The district court also correctly determined that Doll's offense involved an aggravating factor that would justify a durational departure under the sentencing guidelines, and, therefore, a finding that Doll is a threat to public safety. Minn. Stat. § 609.1352, subd. 3(1). Specifically, A.L. was vulnerable and unable to leave at the time of the offense because she was caring for a two-year-old child. A child's presence in a nearby room may incapacitate the caretaker and increase the caretaker's vulnerability. State v. Dalsen, 444 N.W.2d 582, 584 (Minn. App. 1989), review denied (Minn. Oct. 13, 1989). We conclude that the district court did not abuse its discretion in finding that Doll constituted a threat to public safety.

Before sentencing a defendant under the patterned sex offender statute, a district court must find "that the offender needs long-term treatment or supervision beyond the presumptive term of imprisonment and supervised release." Minn. Stat. § 609.1352, subd. 1(a)(3). At the sentencing hearing, the district court stated that, "Based on the testimony and report of Dr. Ascano, the Court is satisfied that the defendant does need long-term treatment or supervision." Thus, the district court correctly based its finding that Doll met the statutory definition of a patterned sex offender on a "professional assessment by an examiner experienced in evaluating sex offenders that concludes that the offender is a patterned sex offender." Id.

Additionally, Dr. Ascano's evaluation satisfied the statutory requirements. Specifically, Dr. Ascano referred to Doll's offense history, including an incident during which Doll engaged in criminal sexual conduct with an eight-month-old infant. Dr. Ascano also noted Doll's social history and his family history. Finally, Dr.
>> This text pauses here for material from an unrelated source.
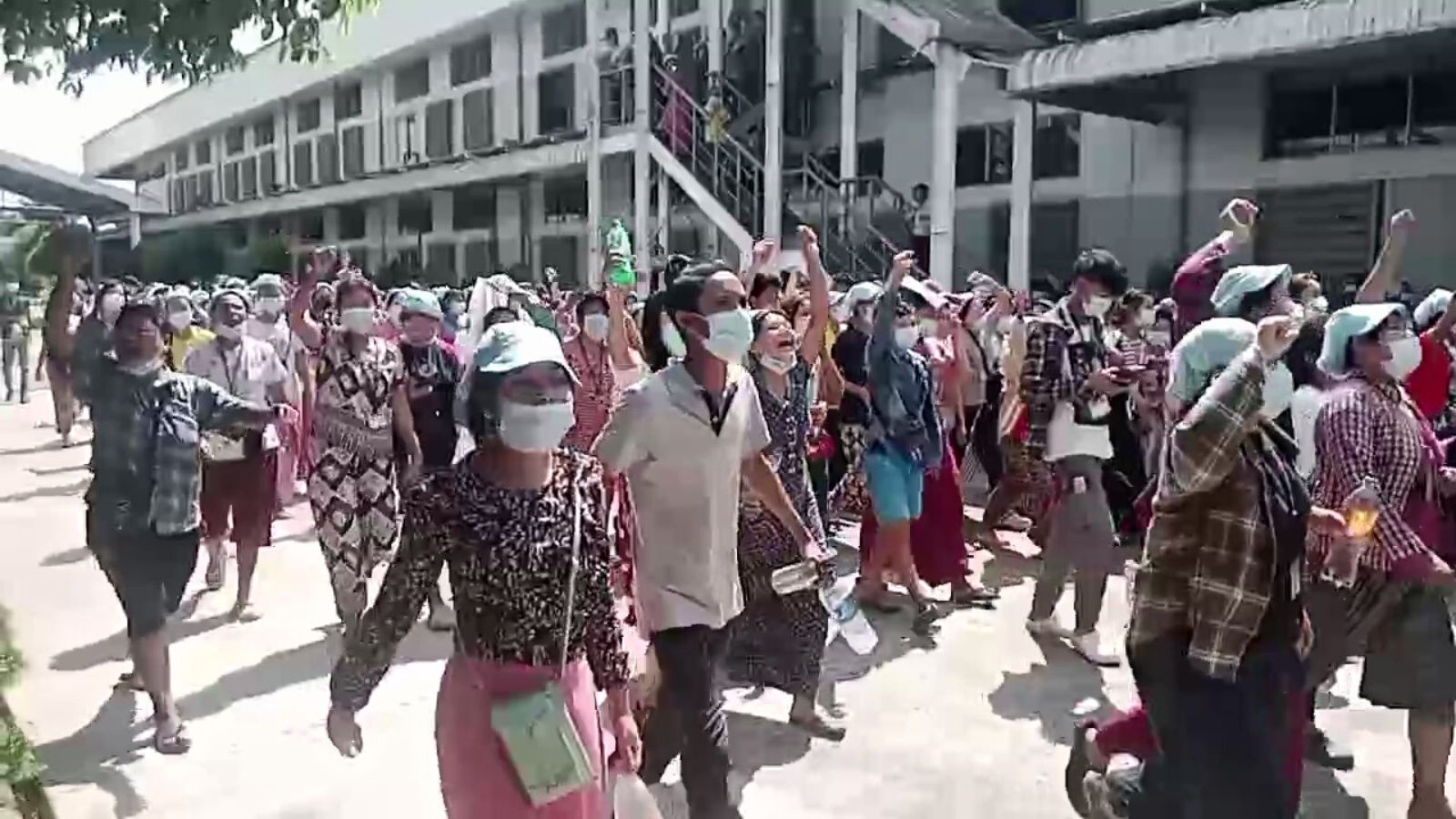 Workers at the Pou Chen Myanmar factory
Ascano noted the "results of an examination of [Doll's] mental status." Minn. Stat. § 609.1352, subd. 1(a)(3). According to the test results cited in the report, Doll "has profound apprehension and fearful mistrust of others," he "tends to utilize aggression as a mode of coping with his psychological conflict or perceived threats," and he has "[s]ubaverage intellectual functioning." Based on these and other factors, Dr. Ascano concluded that Doll has a "[p]oor prognosis for rehabilitation" and "psychological intervention."

The record supports a finding that the statutory requirements have been met. But Doll claims that Dr. Ascano's conclusion is not supported by his findings. Specifically, with regard to Dr. Ascano's finding that Doll's extensive sexual and non-sexual criminal history indicates a high risk of recidivism, Doll cites a published study for the proposition that a significant juvenile criminal history is not a reliable predictor of future sex offenses. This study was never presented to Dr. Ascano or the district court, however, and it is not part of the record on appeal. Minn. R. App. P. 110.01.
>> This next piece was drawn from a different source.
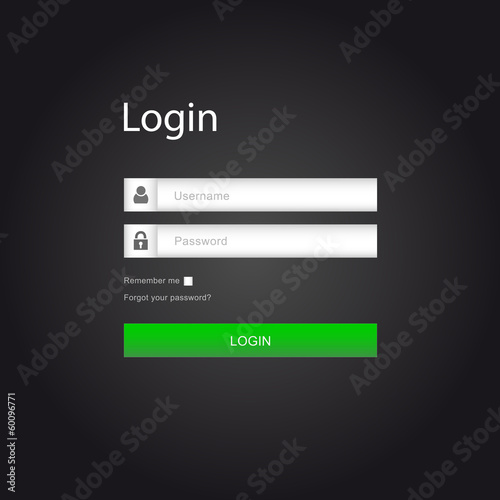 Vector login interface - username and password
Additionally, Doll challenges Dr. Ascano's consideration of Doll's low I.Q. in his evaluation of Doll's amenability to treatment. According to Doll, the consideration of such a factor is a violation of equal protection. Essentially, Doll argues that in its determination of an offender's need for long-term treatment, a district court may not consider a factor such as the offender's I.Q. that undoubtedly affects the need for treatment. But such a restriction would be incongruous with the statutory language. Moreover, assuming without deciding that this challenge has merit, there is sufficient evidence in the record to support a finding that Doll needs long-term treatment, even without considering his I.Q.

The district court obviously found Dr. Ascano to be credible; that finding is entitled to deference from this court. Accordingly, we conclude that the district court did not abuse its discretion in determining that Doll requires long-term treatment or supervision.

Affirmed in part, reversed in part, and remanded.